When I revisited "Earthquake" a month ago I found that the most interesting parts of human drama were the scenes of the seismologists and the workers at the dam. If the main characters had been *those* people instead of these silly soap opera cut-outs, none of whom as I mentioned had any likability at all, the film would have been better. Amazingly, there *was* additional material cut from the film that clarified the characters better which was *not* restored for TV airings, such as the fact that Heston's anger with Gardner and the reason why he picks that day to cheat on her at last is because he discovers she got an abortion without her telling him (there was a cut scene where Lloyd Nolan as the doctor shows up at his house to attend to her fake pill overdose and lets slip the fact that she'd had an abortion a year earlier). There was also additional scenes showing us that Barry Sullivan and the seismologists were not killed in the quake. But the production's overall cheapness and the familiarity of the Universal backlot from TV shows of this era further kills the film's credibility whereas "Airport 1975" at least takes place away from the backlot and thus overcomes the run of the mill look comparatively speaking.
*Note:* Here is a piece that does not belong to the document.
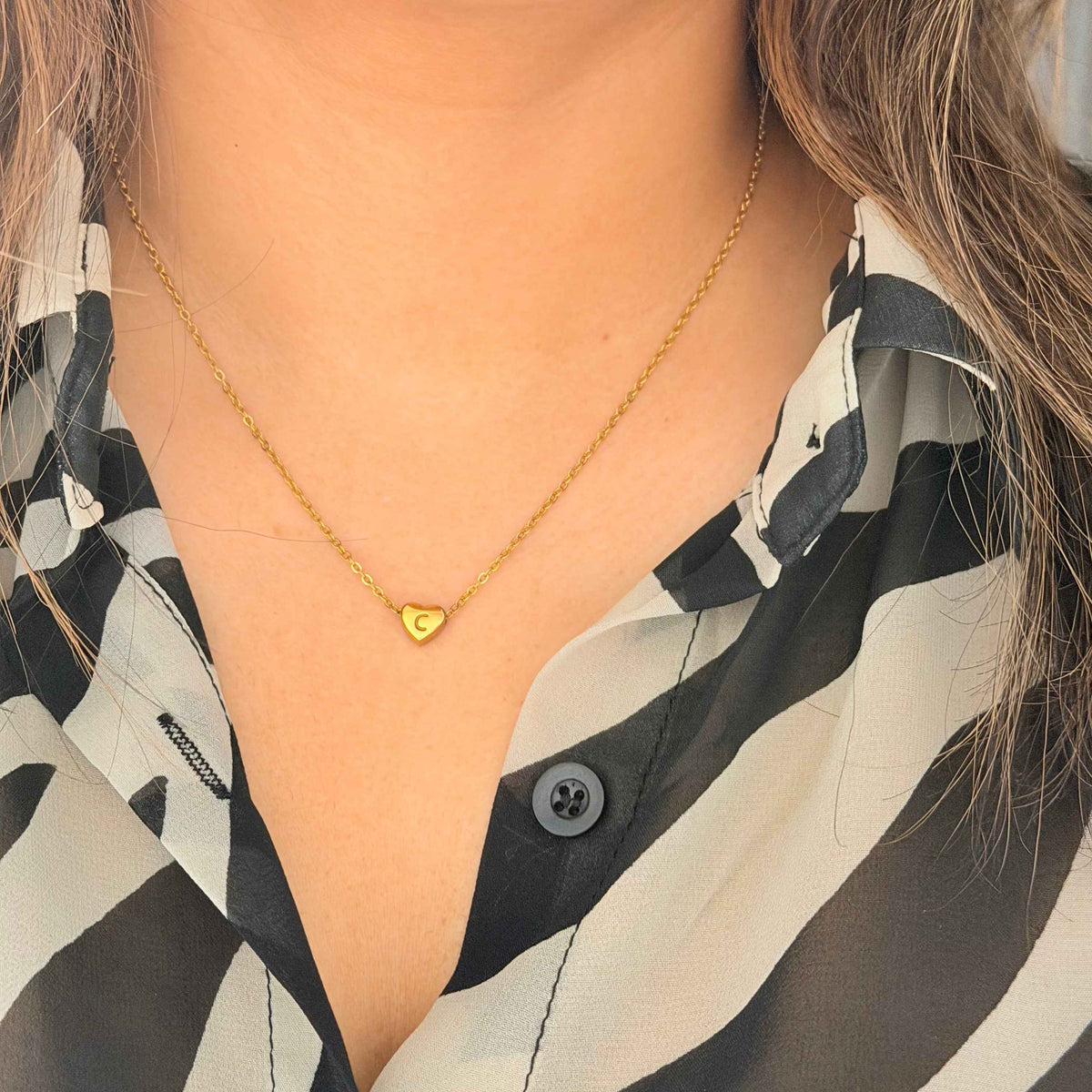 Layla Heart Initial Necklace - Diyaana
As for the absurdity of Gardner as Greene's daughter I think the chief problem is that Ava was looking too much her age at that point. She *seems* 52 and the effect is as silly as it was for a decade to believe that Lorne was Pernell Roberts' father on "Bonanza". One of the alternate names considered I am told was Jessica Walter who would have been perfect casting as far as bringing out the bitchy nasty side went. Gardner was being given too much deference to who she had been and it reached an even lower point in "Cassandra Crossing" where she looked even worse and the pairing of her with Martin Sheen as her boy toy was even more laughable.
Thanks for jogging my memory about Two-Minute Warning. I had heard but completely forgotten that Peerce demanded his name be removed for that TV print. I don't blame him.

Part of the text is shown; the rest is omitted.